LeBron James is a marvel.
At age 36 (soon to be 37), with more miles on his body than anyone not named Kareem Abdul-Jabbar, LeBron can still take over a game and lift up a team with him like no other. He can win games nearly by himself, and he did it to Indiana Wednesday. It was the second night of a road back-to-back for the other Lakers (LeBron had Tuesday in New York off), Anthony Davis was out sick, and it was the last game of a road trip, the exact kind of game where a team can let go of the rope, take the L and get on the plane home.
LeBron scored 17 of his 39 points in the fourth quarter and overtime, hit huge threes, got a couple of Pacers fans ejected, and lifted the Lakers to an overtime win in Indiana.
“That’s why he’s the GOAT, man,” the Lakers Malik Monk said.
“What LeBron did tonight was just a performance for the ages. I know these fans and how much they love their hoops here in Indianapolis. And he put on one hell of a show,” Lakers coach Frank Vogel said.

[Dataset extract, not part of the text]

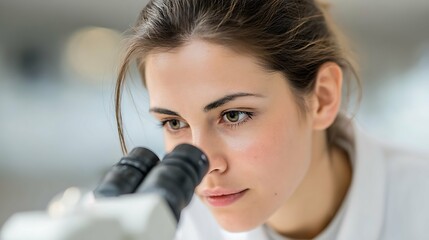 Scientist examining petri dish under microscope in laboratory, female bioengineer looking at DNA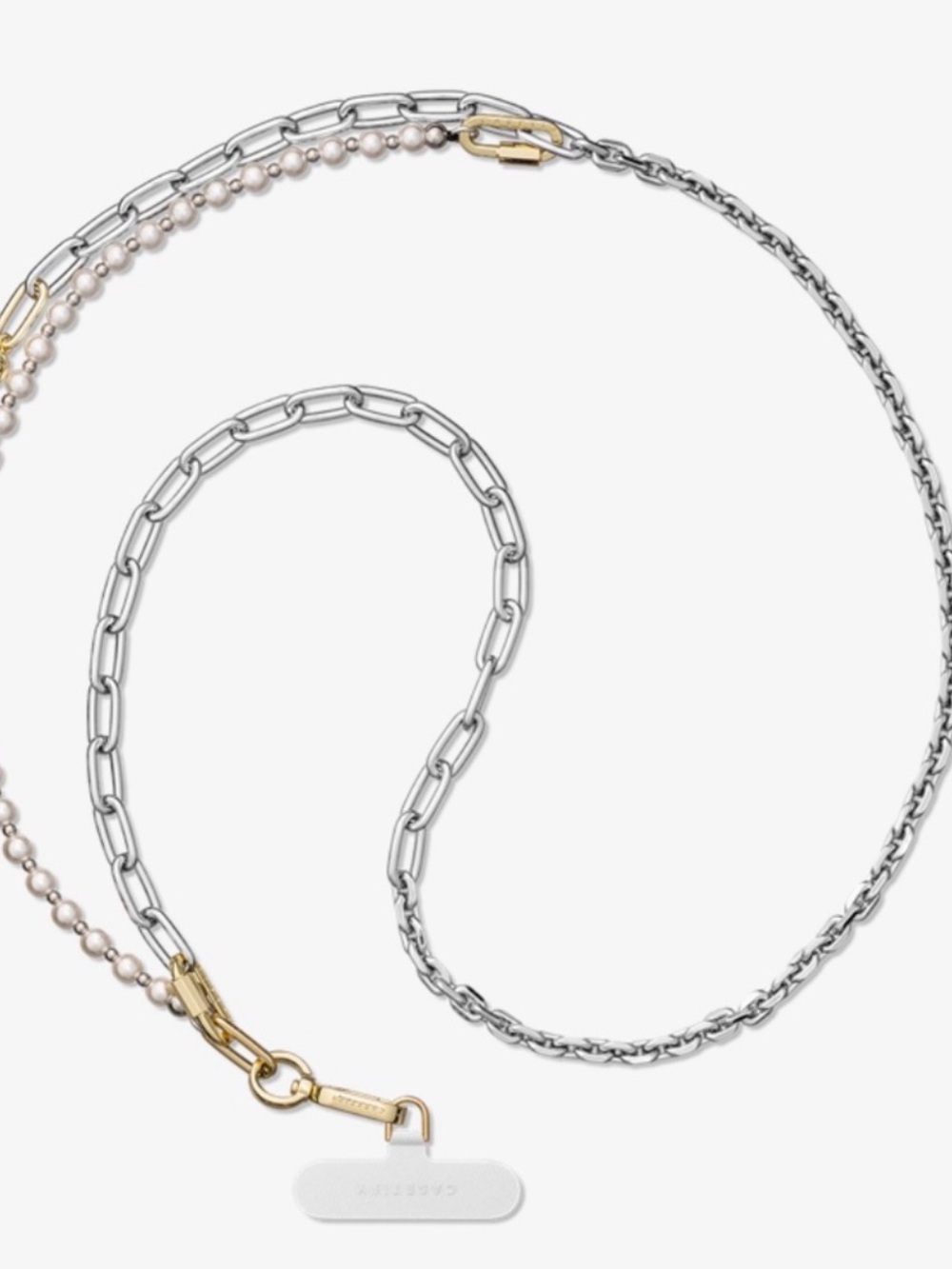 casetify - 2-in-1 Metal Cross-body Chain - Silver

We need to savor what we get to watch in LeBron — there will not be another player like him. LeBron is the first superstar in the social media age, and that means there are always trolls online — and a few talking heads on TV — ready to take him down and thrash him at the first opportunity because it gets them attention. That’s the reality of the age. But if you love the game of basketball, you need to take a step back, marvel at LeBron, and appreciate greatness when you see it.
LeBron can still lift a team up and carry them for a stretch like no other.
Will that be enough for these Lakers to contend?
The Lakers needed overtime and a LeBron takeover to beat an 8-12 Pacers team, a win that lifted the Lakers to .500 on the season. There are reasons for the slow start. It’s fair to point out LeBron has missed more than half the Lakers games, that Russell Westbrook started slow but has come on in the second halves of recent seasons, that there were a lot of new faces in the locker room and this team is still gelling. Everyone can point to LeBron teams in Miami and Cleveland starting the season slow, finding their footing later, and making the Finals. There’s good reason to say, “let’s see what the Lakers look like around Christmas before we judge them.”
But these Lakers are not a good defensive team, and turning that around will take more than a healthy LeBron.
The Lakers are 22nd in the NBA in defense (using Cleaning the Glass, which filters out garbage time from its stats, but even more favorable formulas have them 19th). They are bottom 10 in halfcourt defense (their transition defense has been solid). Anthony Davis is elite defensively, versatile, and a quality rim protector, but the Lakers are short plus defenders after him. LeBron can defend for stretches, Kent Bazemore plays solid team defense, the Lakers will get Trevor Ariza back from injury at some point, but at age 36 he’s no stopper. After that, it gets really thin.
The Lakers won the bubble championship because of their defense — Kentavious Caldwell-Pope, Alex Caruso, Danny Green were all on that team and made important defensive contributions. All are now helping either Chicago or Philadelphia. Dwight Howard and Avery Bradley were on that title team, but neither is defending now at the level they did a couple of years ago.
In a playoff matchup with the Warriors, who guards Stephen Curry? Or Klay Thompson? Or even Jordan Poole? Do the Lakers have the defenders to slow Devin Booker and Chris Paul in a playoff matchup with the Suns? Or Donovan Mitchell in Utah surrounded by shooters and a hard-rolling Rudy Gobert?
Frank Vogel is an outstanding defensive coach, but take enough chess pieces away from him and there’s no strategy he can design that will hide all the flaws.
These Lakers should improve as the season goes on, so long as James and Davis stay healthy — and with those two they are a serious playoff threat. I picked them to come out of the West before the season started.
But LeBron and Davis aren’t going to be enough come the postseason if the Lakers don’t get stops.